Day 12 Shutdown Update: Layoffs Accelerate, Agency Strain Intensifies
Shutdown Continues
As the government shutdown moves into its twelfth day, scattered but increasingly stark reports of layoffs and staffing reductions are emerging. While few agency-level announcements have been made public, the administration is now executing reduction-in-force plans in multiple departments—amplifying the operational stress that already had agencies operating at a reduced capacity.
Reported Layoffs and Agency Reductions
There is no confirmed public disclosure from the FDA or the USDA detailing a broad, shutdown-driven layoff. However, credible media reporting provides several examples and signals:
- The Office of Management and Budget (OMB) confirmed that “substantial” federal employee layoffs have begun, targeting programs without alternative funding options. (FedNews Network)
- Reports state that at least 4,200 cuts are underway across seven federal agencies as part of the administration’s response to the shutdown. (Government Executive)
- The White House has issued reduction-in-force (RIF) notices in departments including Treasury and Homeland Security. (Al Jazeera)
- The IRS is furloughing nearly half its workforce (approximately 34,000 employees) as a longer-term response to funding gaps. (Reuters)
- Earlier, USDA indicated in its contingency planning that ~42,000 USDA staff would be furloughed under a prolonged shutdown (about half of its workforce). (Farm Policy News)
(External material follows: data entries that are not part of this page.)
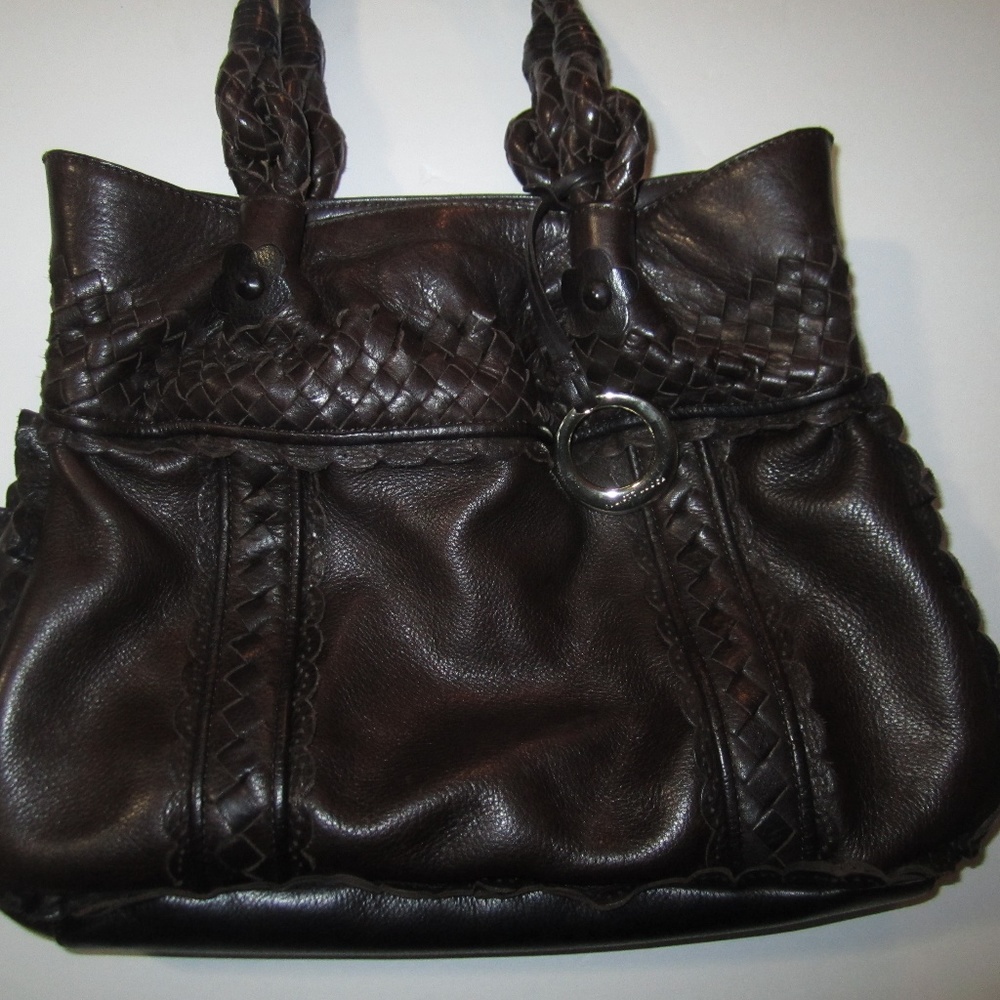 Elliott Lucca Brown Leather Tote - Picture 6 of 8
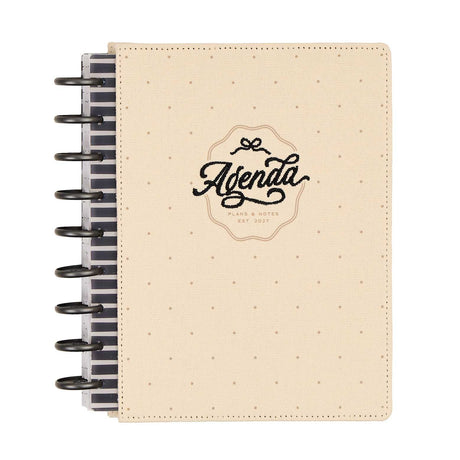 Haven & Heart planner beige dotted Agenda cover with black disc binding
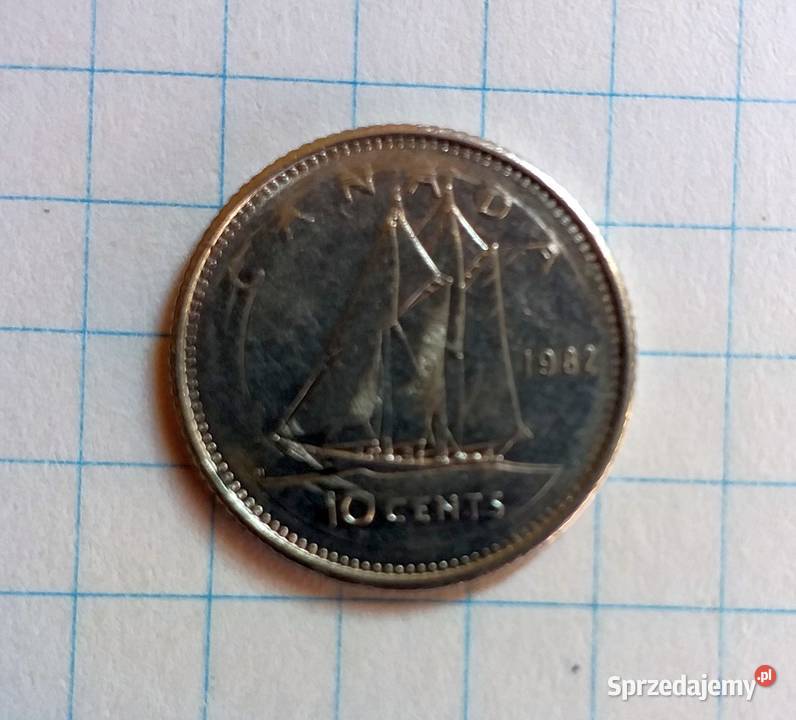 10 CENTÓW 1982 KANADA Piszczac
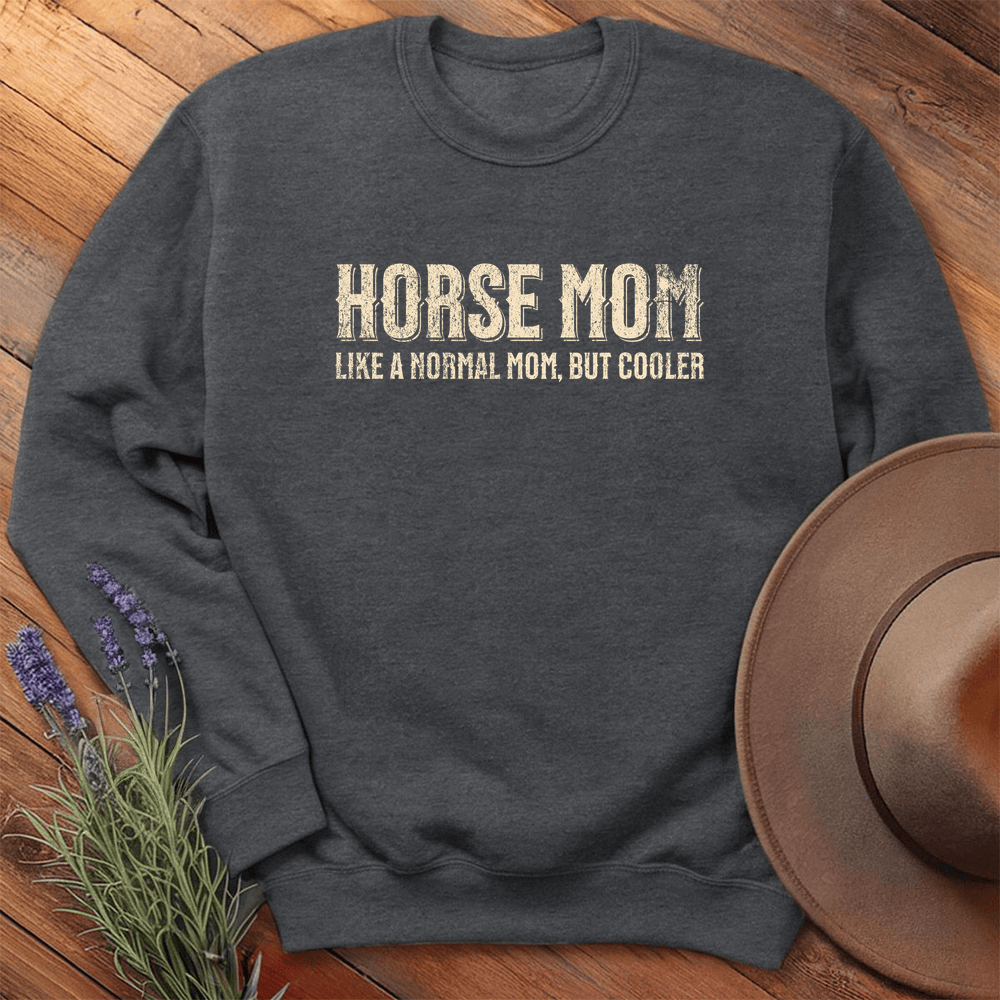 Horse Mom - Sweatshirt - Dark Heather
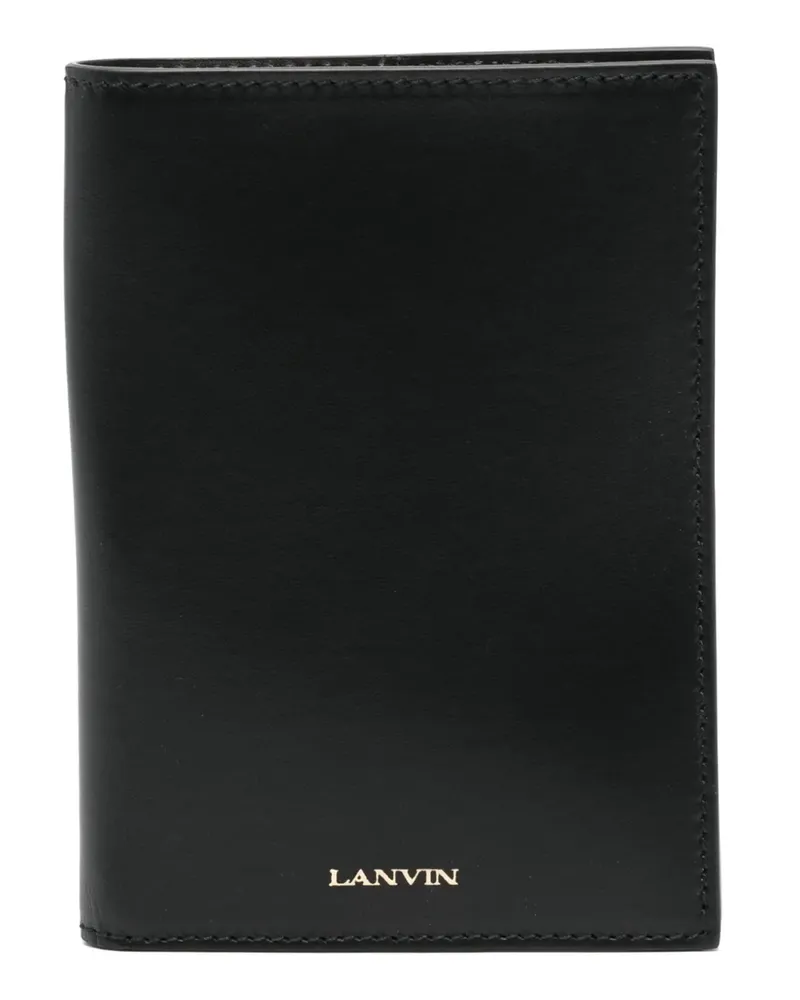 Lanvin Pass-Etui aus Leder - Schwarz Schwarz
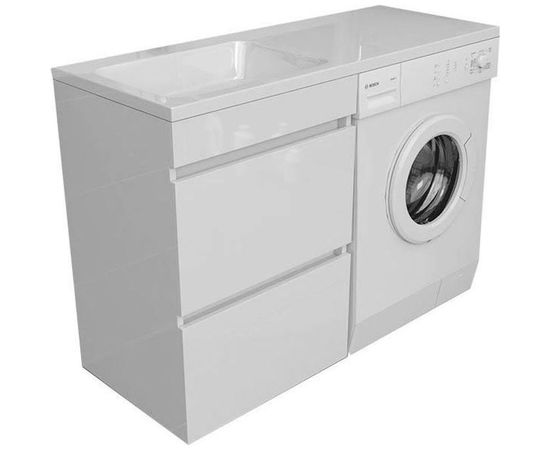 Тумба Emmy Джерси к умывальнику Камилла, 1100, над стиральной машиной, 2 ящика 310010 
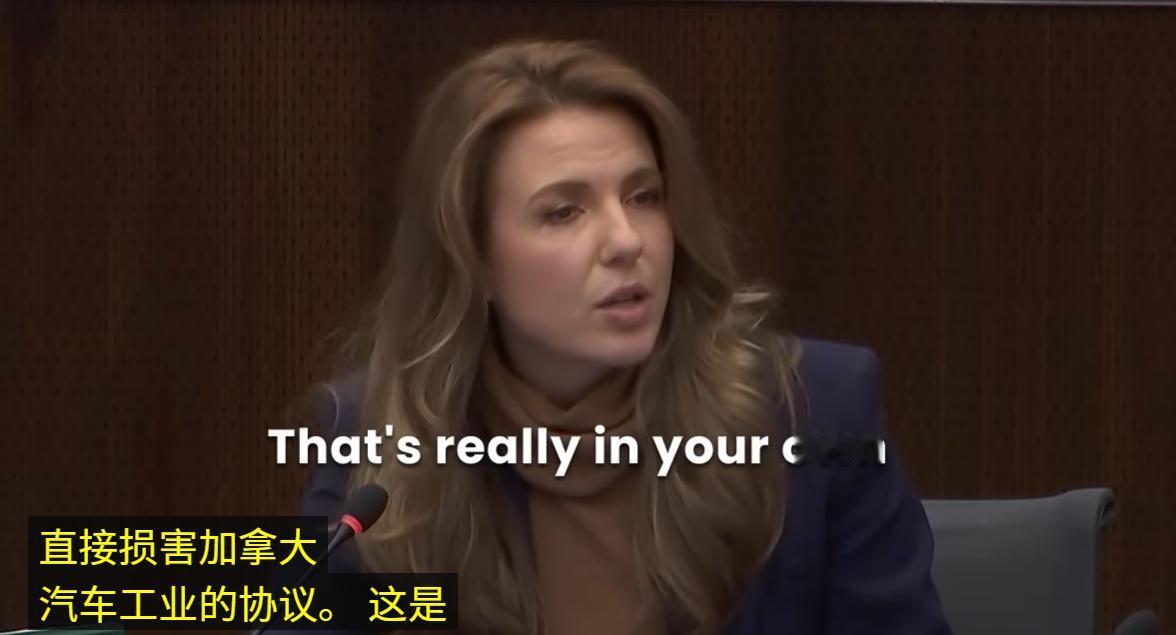 “你们为什么要允许中国电动车进入加拿大市场？你们为什么要允许可能有“强迫劳动”存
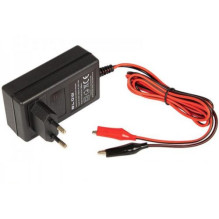 Charger for gel, AGM and lead-acid 12V batteries - crocodile clips, 2000mA 83-230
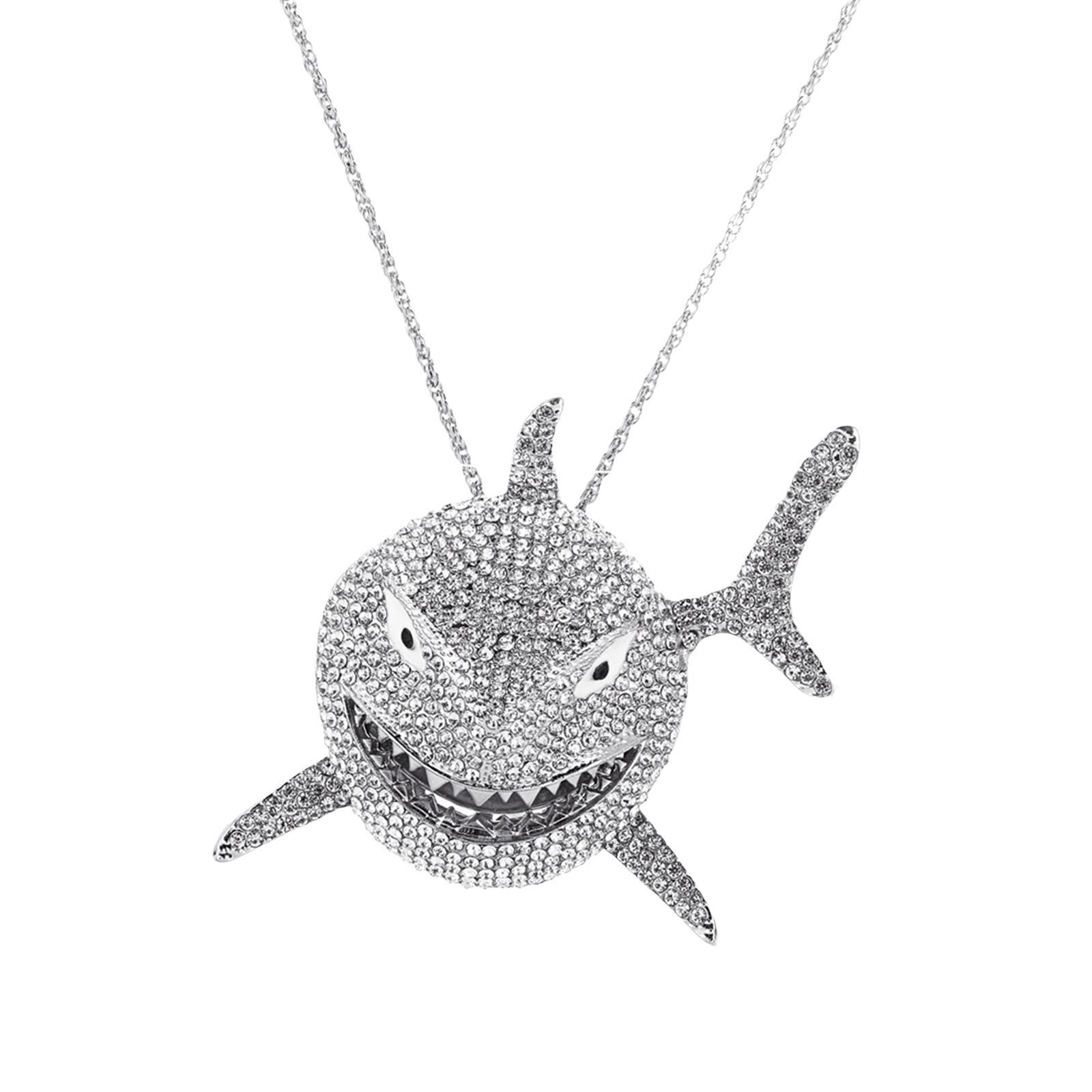 Hip Hop Large  Pendant Necklace Punk Animal Fashion for Men Women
These actions reflect a shift from short-term operational slowdowns to structural staffing reductions in programs deemed non-core or non-appropriated.
Ongoing Impacts & Emerging Pressure Points
Even without explicit announcements from FDA or USDA, the landscape continues evolving with cumulative pressures:
- Increasing backlog: Delayed reviews, inspections, and rulemakings continue to stack up.
- Contract & grant freeze: Agencies remain unable to initiate new service contracts or internal grant awards, which delays projects in labs, policy units, or external research.
- Regulatory and rulemaking freeze deepens: With Federal Register publishing suspended, new rules, notices, and comment period start dates cannot move forward.
- Reduced advisory and stakeholder engagement: Advisory committees, FDA/USDA workshops, and industry feedback sessions continue to be postponed.
- Heightened legal and compliance risk: As agencies return, they may seek retroactive enforcement on missed deadlines or lapses, particularly where time is at a premium in product approvals or import compliance.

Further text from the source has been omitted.